To be eligible for the Tax Shelter regime, a company must meet specific criteria. The investment must be made at the incorporation of the company, or during a capital increase within four years after incorporation. In both cases, it concerns companies that were incorporated no earlier than January 1, 2013.
Since January 1, 2024, the following criteria apply:
Micro-company | Small company | |
Annual average workforce | 10 | 50 |
Annual turnover (excl. VAT) | €900,000 | €11,250,000 |
Balance sheet total | €450,000 | €6,000,000 |
A company qualifies as micro or small when it does not exceed more than one of these criteria.
In addition to the size criteria, the company must satisfy various other conditions to be eligible for the Tax Shelter regime:
- It must be a domestic company or a company from the European Union with a Belgian establishment;
- The company may not have been incorporated in the context of a merger or division;
- The company may not be an investment, treasury or financing company;
- The company may not be a ‘real estate company’;
- The company may not have been incorporated with a view to concluding management or director agreements;
- The company is not listed on the stock exchange;
- The company may not have implemented a capital reduction in the past (except for exceptions) or distributed dividends;
- The company may not use the received sums for the distribution of dividends, the purchase of shares, or the granting of loans.
Different investment possibilities
Investors can use the Tax Shelter regime in different ways:
- Direct investment in shares of a start-up company;
- Investment via approved crowdfunding platforms;
- Investment via a starter fund or private starter PRICAF.
For each investment method, specific conditions and procedures apply, but the fiscal advantage remains substantial: 30% tax reduction for investments in small companies and 45% for investments in micro-companies.
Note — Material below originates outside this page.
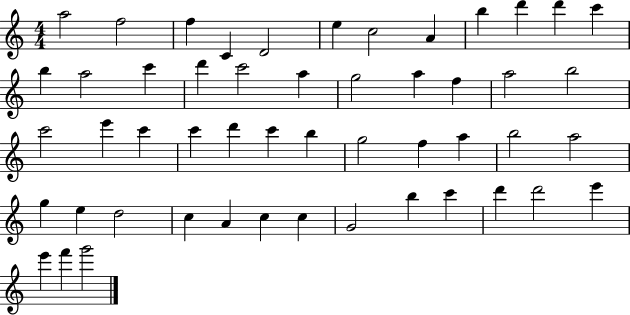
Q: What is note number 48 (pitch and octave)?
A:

Practical Requirements for a Successful Tax Shelter Investment
To optimally utilize the Tax Shelter scheme, there are several practical steps that both investors and companies must follow:
- For Investors:
As an investor, you must receive a tax certificate from the company or platform through which you have invested. This certificate is crucial for your tax return and must be carefully preserved. The certificate states the invested amount eligible for the tax reduction.
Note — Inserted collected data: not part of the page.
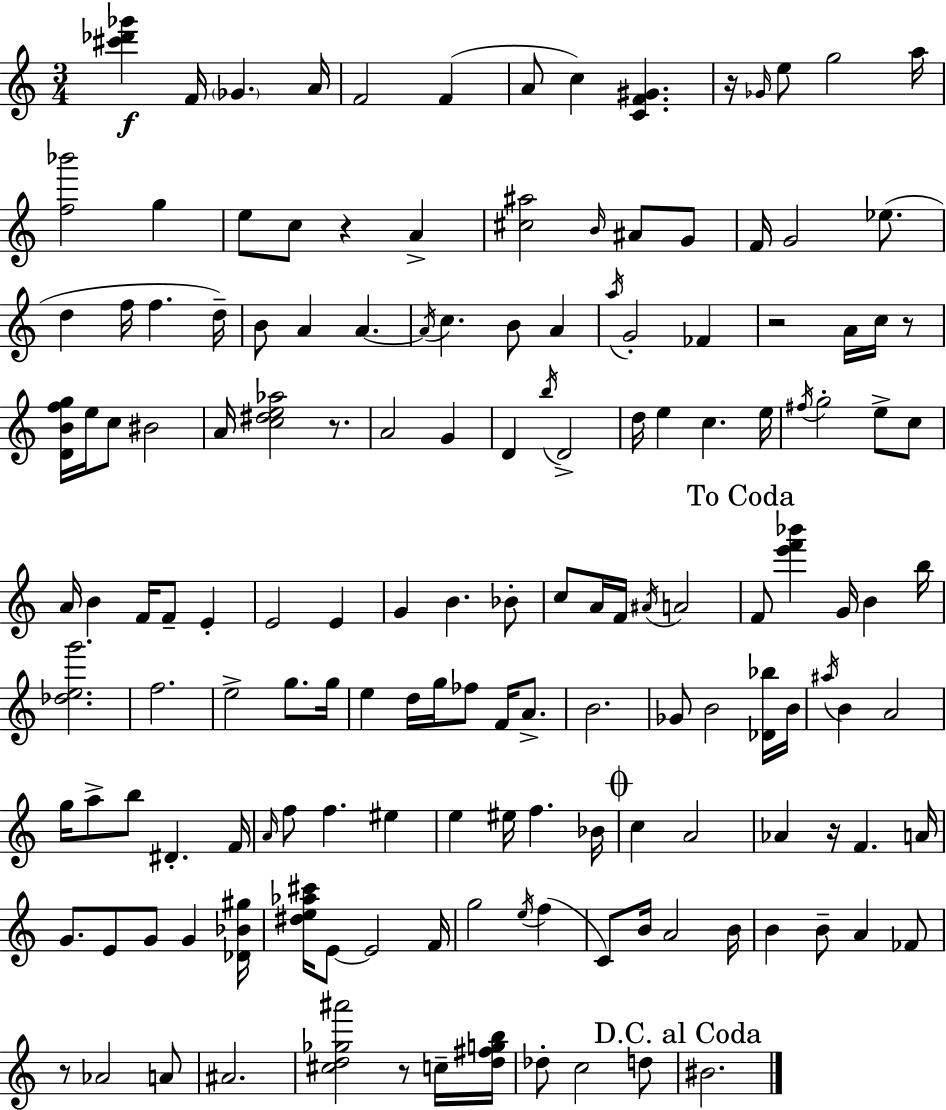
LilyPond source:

{
  \clef treble
  \numericTimeSignature
  \time 3/4
  \key a \minor
  <cis''' des''' ges'''>4\f f'16 \parenthesize ges'4. a'16 | f'2 f'4( | a'8 c''4) <c' f' gis'>4. | r16 \grace { ges'16 } e''8 g''2 | \break a''16 <f'' bes'''>2 g''4 | e''8 c''8 r4 a'4-> | <cis'' ais''>2 \grace { b'16 } ais'8 | g'8 f'16 g'2 ees''8.( | \break d''4 f''16 f''4. | d''16--) b'8 a'4 a'4.~~ | \acciaccatura { a'16 } c''4. b'8 a'4 | \acciaccatura { a''16 } g'2-. | \break fes'4 r2 | a'16 c''16 r8 <d' b' f'' g''>16 e''16 c''8 bis'2 | a'16 <c'' dis'' e'' aes''>2 | r8. a'2 | \break g'4 d'4 \acciaccatura { b''16 } d'2-> | d''16 e''4 c''4. | e''16 \acciaccatura { fis''16 } g''2-. | e''8-> c''8 a'16 b'4 f'16 | \break f'8-- e'4-. e'2 | e'4 g'4 b'4. | bes'8-. c''8 a'16 f'16 \acciaccatura { ais'16 } a'2 | \mark "To Coda" f'8 <e''' f''' bes'''>4 | \break g'16 b'4 b''16 <des'' e'' g'''>2. | f''2. | e''2-> | g''8. g''16 e''4 d''16 | \break g''16 fes''8 f'16 a'8.-> b'2. | ges'8 b'2 | <des' bes''>16 b'16 \acciaccatura { ais''16 } b'4 | a'2 g''16 a''8-> b''8 | \break dis'4.-. f'16 \grace { a'16 } f''8 f''4. | eis''4 e''4 | eis''16 f''4. bes'16 \mark \markup { \musicglyph "scripts.coda" } c''4 | a'2 aes'4 | \break r16 f'4. a'16 g'8. | e'8 g'8 g'4 <des' bes' gis''>16 <dis'' e'' aes'' cis'''>16 e'8~~ | e'2 f'16 g''2 | \acciaccatura { e''16 }( f''4 c'8) | \break b'16 a'2 b'16 b'4 | b'8-- a'4 fes'8 r8 | aes'2 a'8 ais'2. | <cis'' d'' ges'' ais'''>2 | \break r8 c''16-- <d'' fis'' g'' b''>16 des''8-. | c''2 d''8 \mark "D.C. al Coda" bis'2. | \bar "|."
}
On your annual personal income tax return, you must declare the invested amount using the designated codes. The tax reduction will then be automatically calculated and applied to your tax liability.
Remember that you must retain the shares for a minimum of 4 years to definitively maintain the tax benefit. In case of premature sale or transfer of shares, the tax authorities may reclaim all or part of the benefit received.
- For Start-up Companies:
As a start-up company raising capital through the Tax Shelter, you are obligated to prepare tax certificates for your investors. These certificates must be provided to investors in a timely manner and submitted electronically to the tax authorities via Belcotax-on-web, no later than March 31st of the year following the investment.
For four years following the investment, you must annually confirm that all conditions are still being met and that the investor still holds their shares. This is also done via a certificate provided to the investor.
It is advisable to establish a clear procedure for the timely preparation and submission of these certificates to prevent investors from missing out on their tax benefits due to administrative shortcomings.
Please note that Tax Shelter operations carry certain risks, particularly the risk that the investor may not receive the expected tax benefit, which could lead to partial or total loss of the invested amount if the intermediary’s guarantee mechanisms prove ineffective.
Conclusion
The Tax Shelter for start-up companies offers an excellent opportunity in 2025 for both investors and young companies. Investors can enjoy considerable tax advantages, while start-up companies gain access to necessary financing to realize their growth ambitions. With the increased investment ceiling of €500,000 per company, this regime is more powerful than ever.